If you assumed the rate of increase in acceleration was constant (a constant “jerk”), you could determine the average velocity from the information given, I think. If I have a chance tonight I’ll derive…
Actually was pretty simple. If jerk (change in acceleration) is constant, and acceleration and velocity start at zero, then distance travelled is 1/6 j t[sup]3[/sup] and velocity is 1/2 t[sup]2[/sup] over the period the jerk, j, is applied. At the end of that period T, we know distance is 2 feet, and velocity is 200 fps, so we can calculate T as .03 seconds. Over that time period, the arrow moved 2 feet giving an average velocity of 66 2/3 fps.
This agrees with how I felt intuitively but was unsure.
I would actually expect the acceleration to start off large, and then decrease. When a bow is undrawn, it takes very little force to pluck the string a small amount, but when it’s fully drawn, it takes a very large force to hold it drawn. And the force should be proportional to the acceleration of the arrow.

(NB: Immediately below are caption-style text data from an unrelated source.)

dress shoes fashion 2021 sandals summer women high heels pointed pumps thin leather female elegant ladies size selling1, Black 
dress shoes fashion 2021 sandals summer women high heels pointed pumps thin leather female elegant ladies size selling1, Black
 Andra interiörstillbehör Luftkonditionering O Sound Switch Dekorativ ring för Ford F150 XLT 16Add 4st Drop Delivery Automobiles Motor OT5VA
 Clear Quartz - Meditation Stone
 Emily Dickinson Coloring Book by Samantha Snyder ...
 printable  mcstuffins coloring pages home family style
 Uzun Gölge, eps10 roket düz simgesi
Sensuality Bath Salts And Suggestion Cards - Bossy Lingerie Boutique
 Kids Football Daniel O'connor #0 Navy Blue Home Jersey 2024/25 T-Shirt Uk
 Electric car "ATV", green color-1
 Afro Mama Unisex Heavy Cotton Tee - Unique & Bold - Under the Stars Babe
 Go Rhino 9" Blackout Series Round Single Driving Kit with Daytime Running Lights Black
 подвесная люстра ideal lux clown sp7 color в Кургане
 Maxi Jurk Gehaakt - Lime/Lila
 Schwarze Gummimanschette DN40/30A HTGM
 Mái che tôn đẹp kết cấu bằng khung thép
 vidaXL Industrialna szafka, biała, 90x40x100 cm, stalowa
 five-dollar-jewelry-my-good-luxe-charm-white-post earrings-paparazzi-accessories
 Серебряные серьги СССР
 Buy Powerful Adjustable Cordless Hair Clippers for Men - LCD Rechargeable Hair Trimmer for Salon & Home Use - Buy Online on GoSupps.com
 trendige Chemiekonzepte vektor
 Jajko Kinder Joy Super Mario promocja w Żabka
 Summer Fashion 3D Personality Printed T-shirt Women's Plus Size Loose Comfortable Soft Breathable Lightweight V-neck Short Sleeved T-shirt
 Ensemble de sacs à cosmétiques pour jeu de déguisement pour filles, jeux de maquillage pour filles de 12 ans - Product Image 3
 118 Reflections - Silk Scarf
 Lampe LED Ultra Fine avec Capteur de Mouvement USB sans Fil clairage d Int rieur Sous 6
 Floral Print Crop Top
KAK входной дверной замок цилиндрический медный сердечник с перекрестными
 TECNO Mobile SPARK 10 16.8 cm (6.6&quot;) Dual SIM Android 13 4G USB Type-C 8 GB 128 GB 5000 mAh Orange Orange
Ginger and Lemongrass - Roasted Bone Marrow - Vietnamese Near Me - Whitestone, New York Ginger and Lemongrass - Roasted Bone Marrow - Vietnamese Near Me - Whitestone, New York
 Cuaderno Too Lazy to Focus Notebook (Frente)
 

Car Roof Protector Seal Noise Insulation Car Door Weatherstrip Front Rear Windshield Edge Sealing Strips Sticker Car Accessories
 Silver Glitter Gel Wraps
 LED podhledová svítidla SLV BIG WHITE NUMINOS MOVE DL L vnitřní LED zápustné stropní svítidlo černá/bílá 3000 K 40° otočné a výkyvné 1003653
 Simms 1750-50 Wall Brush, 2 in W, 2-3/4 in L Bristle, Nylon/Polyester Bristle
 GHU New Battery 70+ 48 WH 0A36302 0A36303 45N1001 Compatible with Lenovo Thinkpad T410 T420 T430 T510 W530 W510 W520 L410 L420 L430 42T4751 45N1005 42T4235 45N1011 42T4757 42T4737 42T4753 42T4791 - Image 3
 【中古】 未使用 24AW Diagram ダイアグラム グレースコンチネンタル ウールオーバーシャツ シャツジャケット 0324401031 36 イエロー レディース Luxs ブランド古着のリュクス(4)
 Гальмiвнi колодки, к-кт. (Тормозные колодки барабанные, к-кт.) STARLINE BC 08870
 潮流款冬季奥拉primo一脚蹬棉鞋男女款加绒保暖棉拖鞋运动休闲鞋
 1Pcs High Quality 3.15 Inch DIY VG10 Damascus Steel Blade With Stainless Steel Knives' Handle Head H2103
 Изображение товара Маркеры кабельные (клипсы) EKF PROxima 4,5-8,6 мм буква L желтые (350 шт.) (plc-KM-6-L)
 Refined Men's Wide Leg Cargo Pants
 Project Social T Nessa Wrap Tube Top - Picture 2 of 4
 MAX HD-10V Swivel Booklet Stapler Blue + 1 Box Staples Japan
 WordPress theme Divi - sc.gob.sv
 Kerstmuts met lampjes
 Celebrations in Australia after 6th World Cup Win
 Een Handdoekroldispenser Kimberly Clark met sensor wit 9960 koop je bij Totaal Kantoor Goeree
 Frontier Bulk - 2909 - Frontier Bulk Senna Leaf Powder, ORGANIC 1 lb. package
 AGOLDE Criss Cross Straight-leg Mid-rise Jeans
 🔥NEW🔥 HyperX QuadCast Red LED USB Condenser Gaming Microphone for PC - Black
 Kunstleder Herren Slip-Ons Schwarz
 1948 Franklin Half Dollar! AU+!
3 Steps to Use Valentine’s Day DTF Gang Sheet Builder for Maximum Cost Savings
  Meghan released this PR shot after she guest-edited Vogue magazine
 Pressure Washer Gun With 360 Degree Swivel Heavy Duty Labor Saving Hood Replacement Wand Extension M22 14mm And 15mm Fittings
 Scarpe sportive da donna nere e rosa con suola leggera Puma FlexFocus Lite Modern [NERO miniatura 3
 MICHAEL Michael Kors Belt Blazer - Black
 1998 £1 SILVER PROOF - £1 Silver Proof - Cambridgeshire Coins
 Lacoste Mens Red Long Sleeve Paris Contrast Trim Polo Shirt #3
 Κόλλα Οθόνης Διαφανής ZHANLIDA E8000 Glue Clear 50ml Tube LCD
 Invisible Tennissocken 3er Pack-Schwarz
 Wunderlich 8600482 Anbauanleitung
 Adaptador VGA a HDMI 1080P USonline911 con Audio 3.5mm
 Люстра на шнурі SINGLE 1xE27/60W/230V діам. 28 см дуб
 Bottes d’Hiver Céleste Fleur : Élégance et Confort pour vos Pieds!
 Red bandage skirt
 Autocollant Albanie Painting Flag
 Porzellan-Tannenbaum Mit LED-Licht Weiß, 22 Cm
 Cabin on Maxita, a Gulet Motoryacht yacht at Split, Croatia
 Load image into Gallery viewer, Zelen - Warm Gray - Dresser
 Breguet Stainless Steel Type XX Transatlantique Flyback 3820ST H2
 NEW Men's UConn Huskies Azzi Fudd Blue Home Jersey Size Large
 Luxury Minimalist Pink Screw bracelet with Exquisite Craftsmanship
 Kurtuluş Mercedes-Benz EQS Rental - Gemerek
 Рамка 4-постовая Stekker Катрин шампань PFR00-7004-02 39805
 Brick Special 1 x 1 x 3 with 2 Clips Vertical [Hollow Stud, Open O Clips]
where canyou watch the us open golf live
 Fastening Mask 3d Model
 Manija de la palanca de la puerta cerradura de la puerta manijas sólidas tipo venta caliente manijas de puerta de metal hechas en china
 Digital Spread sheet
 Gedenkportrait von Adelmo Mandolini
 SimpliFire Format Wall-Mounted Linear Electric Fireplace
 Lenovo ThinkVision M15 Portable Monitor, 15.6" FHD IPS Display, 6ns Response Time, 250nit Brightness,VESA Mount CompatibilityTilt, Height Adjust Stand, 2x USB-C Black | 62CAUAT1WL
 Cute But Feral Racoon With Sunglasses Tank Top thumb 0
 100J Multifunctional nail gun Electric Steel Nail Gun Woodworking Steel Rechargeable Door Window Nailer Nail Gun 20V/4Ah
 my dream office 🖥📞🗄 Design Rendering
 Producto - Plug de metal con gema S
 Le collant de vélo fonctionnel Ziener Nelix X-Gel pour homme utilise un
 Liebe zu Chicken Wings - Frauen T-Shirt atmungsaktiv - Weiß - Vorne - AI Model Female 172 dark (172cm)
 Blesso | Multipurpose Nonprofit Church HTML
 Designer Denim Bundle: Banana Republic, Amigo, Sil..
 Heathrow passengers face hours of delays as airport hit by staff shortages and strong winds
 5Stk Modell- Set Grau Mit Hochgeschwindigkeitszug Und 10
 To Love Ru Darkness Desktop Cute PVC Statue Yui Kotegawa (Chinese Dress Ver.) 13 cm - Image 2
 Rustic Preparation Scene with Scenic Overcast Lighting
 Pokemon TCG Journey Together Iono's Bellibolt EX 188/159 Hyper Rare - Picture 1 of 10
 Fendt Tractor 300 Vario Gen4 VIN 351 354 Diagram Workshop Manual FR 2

You might be right, the force is much larger but the leverage is lower and the power drops faster. There is also the momentum of the limbs which might cancel out.
A very well designed bow will take advantage of the lower string angles at the end of the stroke and slow down the outer limbs bleeding off the momentum. I haven’t really dealt much with the acceleration rate until very recently. I was always more concerned with what happened in the last few inches of the power stroke. You probably are right.
So approximating this as starting with acceleration of a[sub]0[/sub] and a constant jerk sufficient to reduce acceleration to zero at the moment of release might be more appropriate than my previous approximation. Using that assumption gives an average velocity of 133.33… fps over the period of acceleration.